Sementara Kejagung menyatakan bakal mengkaji penerapan aturan UU BUMN yang baru dalam aspek penegakan hukum.
"Jadi begini, terkait dengan keberadaan Undang-Undang BUMN yang baru tentu yang pertama kami terus melakukan pengkajian, pendalaman terhadap apakah kewenangan dari kita dari kejaksaan masih, tentu, masih diatur di dalam Undang-Undang BUMN," kata Kepala Pusat Penerangan Hukum (Kapuspenkum) Kejagung, Harli Siregar kepada wartawan di kantor Kejaksaan Agung, Jakarta Selatan, Senin (5/5/2025).
Menurut Harli, selama ada tindak pidana fraud pada BUMN tentu bisa dilakukan penegakan hukum di sana.
Diketahui, Association of Certified Fraud Examiners (ACFE) sebagai organisasi anti-fraud terbesar di dunia menjelaskan bahwa fraud adalah perbuatan manipulasi yang dilakukan oleh individu ataupun organisasi yang menyimpang dan dapat merugikan individu, organisasi, hingga pihak ketiga.

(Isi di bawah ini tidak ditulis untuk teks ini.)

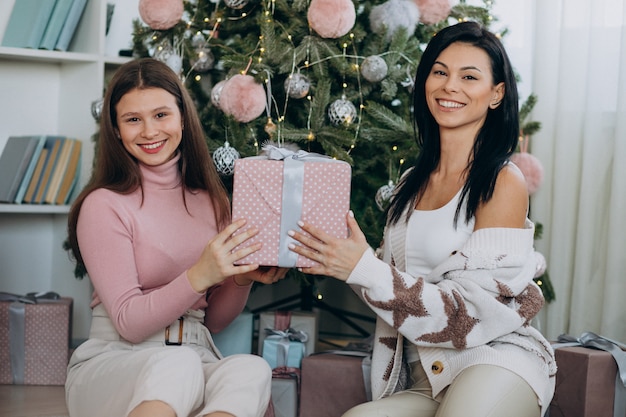 Mother with adult daughter with christmas presents by christmas tree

Di sisi lain, fraud juga dapat diartikan sebagai bentuk kecurangan dalam menyajikan laporan keuangan yang dilakukan secara sengaja untuk kepentingan pribadi.
"Menurut kita sepanjang disana ada fraud misalnya, sepanjang ada fraud, katakan ada persekongkolan, permufakatan jahat, tipu muslihat yang dimana katakan korporasi atau BUMN itu mendapat aliran dana dari negara, saya kira itu masih memenuhi terhadap unsur-unsur daripada tindak pidana korupsi," jelas Harli.
Eks Kajati Papua Barat itu menyebutkan di situlah fungsinya penyelidikan. Penyelidikan, menurut dia, akan melihat apakah dalam satu peristiwa tindakan yang terjadi di BUMN masih ada tindak pidana fraud-nya.
"Kemudian ada unsur aliran uang negara di situ yang katakanlah terkait dengan satu kegiatan atau satu operasi yang terjadi di BUMN. Dan saya kira itu menjadi pintu masuk dari APH untuk melakukan penelitian lebih jauh," tandas Harli.